Traders of agricultural commodities have seen a strong rebound in prices over the past several months. While adverse planting conditions led to a slow start of the growing season, shifts in supply and demand estimates have some traders betting on a rebound. In the paragraphs below, we'll take a look at several charts from across the agricultural commodity market and determine whether it is too early to bet on a reversal of the primary downtrend.
Invesco DB Agriculture Fund (DBA)
When followers of technical analysis look to get a sense of a sector or market segment's overall trend, they generally turn to tools such as long-term moving averages and trendlines. The most popular fund that is used to gain a sense of a broad basket of the world's most liquid and important widely traded agricultural commodities, such as live cattle, soybeans, corn, cocoa, sugar, wheat, and coffee, is the Invesco DB Agriculture Fund (DBA).

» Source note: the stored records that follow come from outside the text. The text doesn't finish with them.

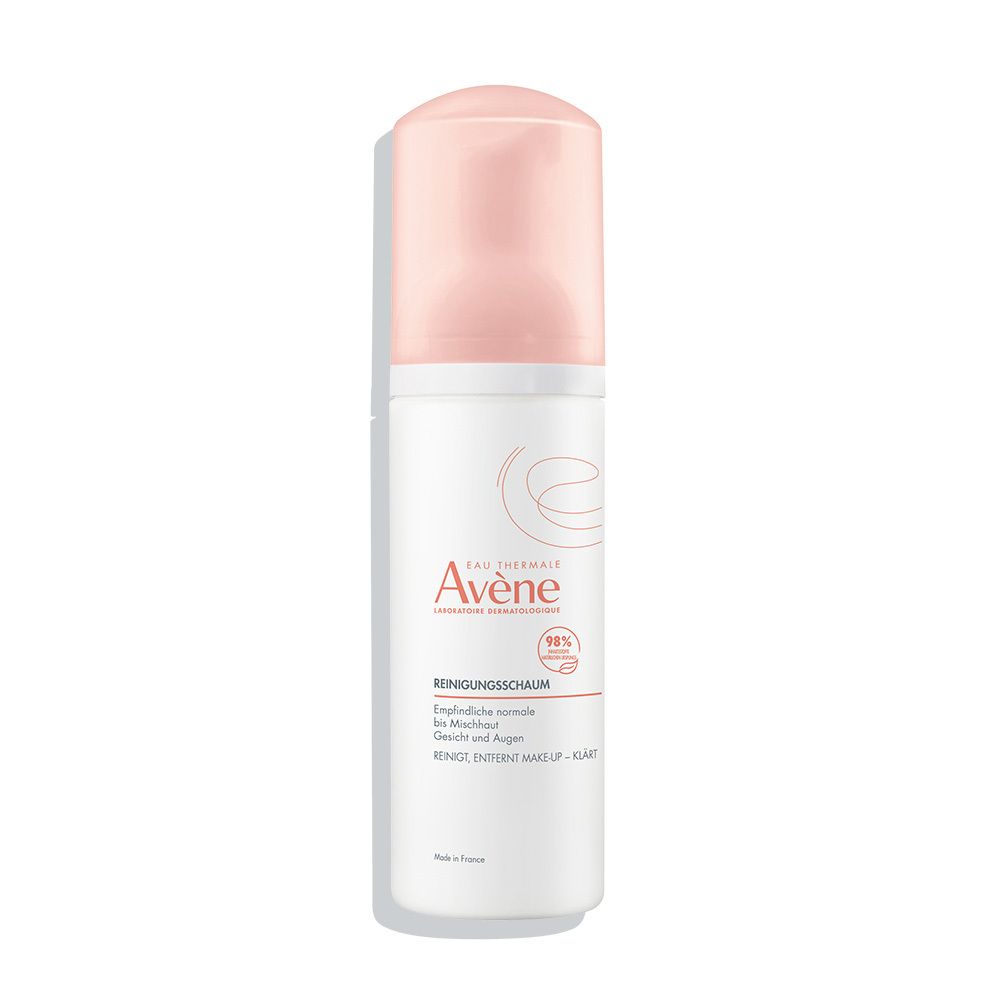 D15863250-p1 Avene  Mattierender Reinigungsschaum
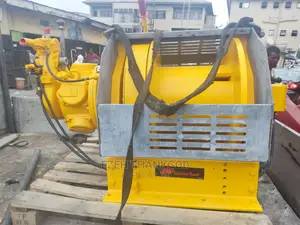 Ingersoll Rand Air Winch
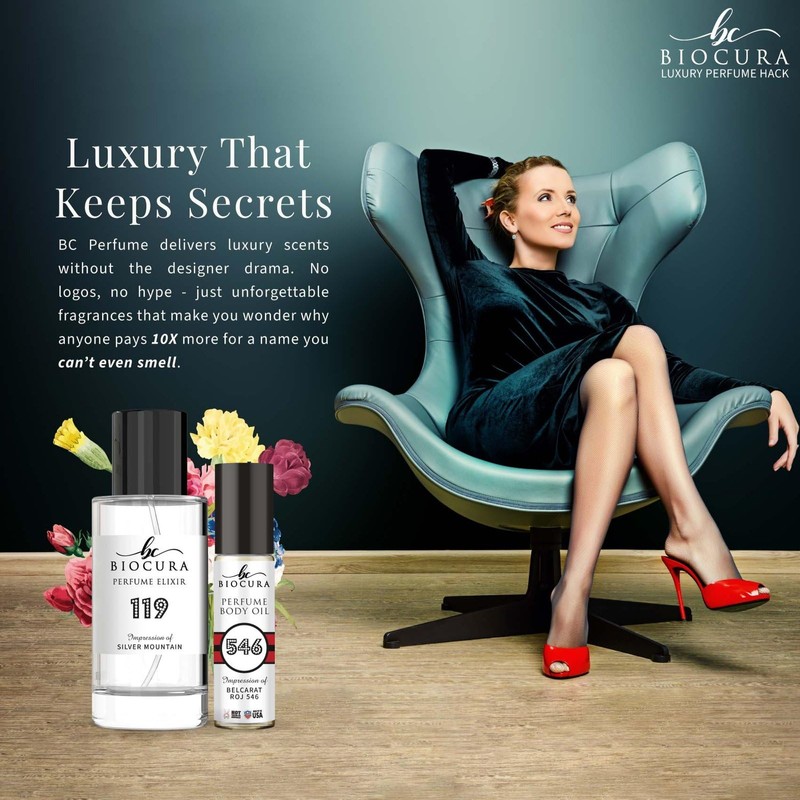 BIOCURA BC Perfume 423 Inspired by Darley For Men Replica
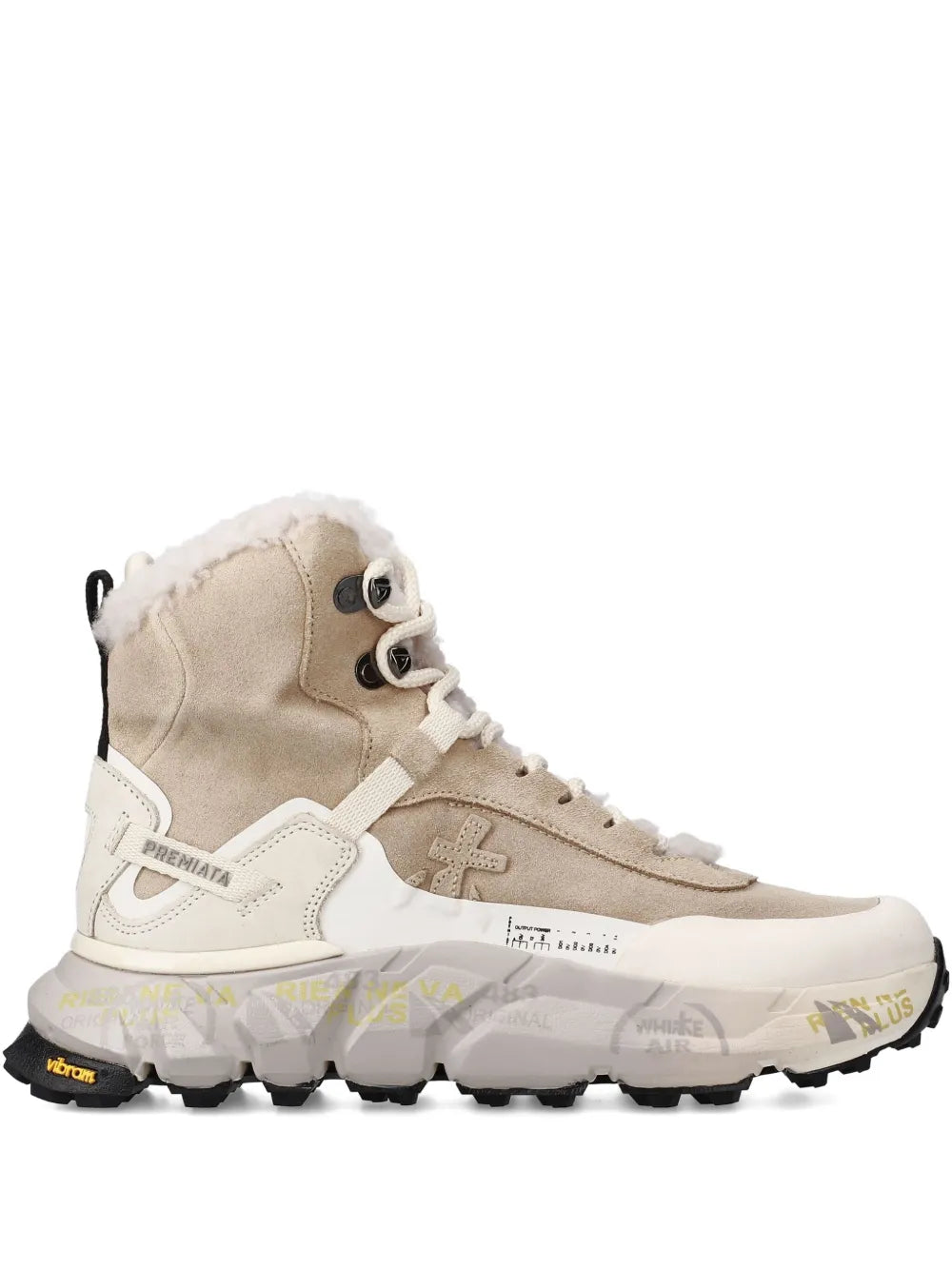 Premiata Trivor 440M Textured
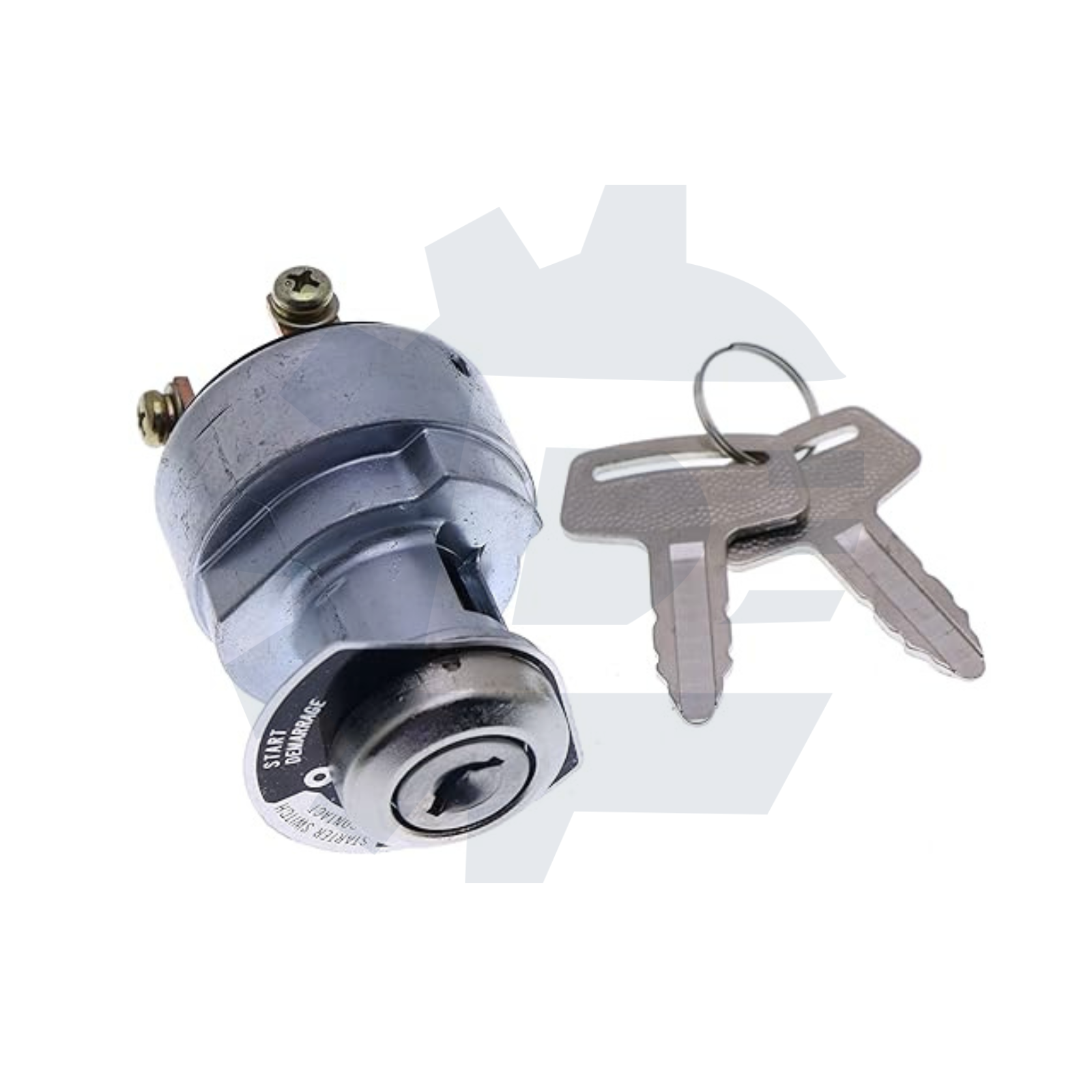 Ignition switch 66706-55120 for Kubota D1105 V1505 engines and B7100 B6100 tractors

As you can see from the chart below, the bears have been in control of the momentum for most of the past two years. Active traders will want to note how the 200-day moving average (red line) has prevented the price from moving higher on each attempt to break above. While the gain since September is positive for bullish traders, the proximity of the descending trendline and the 200-day moving average should be enough of a warning that prices could struggle to move higher from here. Bullish traders may want to remain on the sidelines until the price is able to make several consecutive closes above the aforementioned resistance levels before betting on a significant move higher.
iShares Global Agriculture Index ETF (COW)
Another popular exchange-traded product that is used to analyze the agriculture sector is the iShares Global Agriculture Index ETF (COW). Based on the pattern shown on the chart below, some bullish traders may be looking at the breakout above the descending trendline as a leading indication of a move higher.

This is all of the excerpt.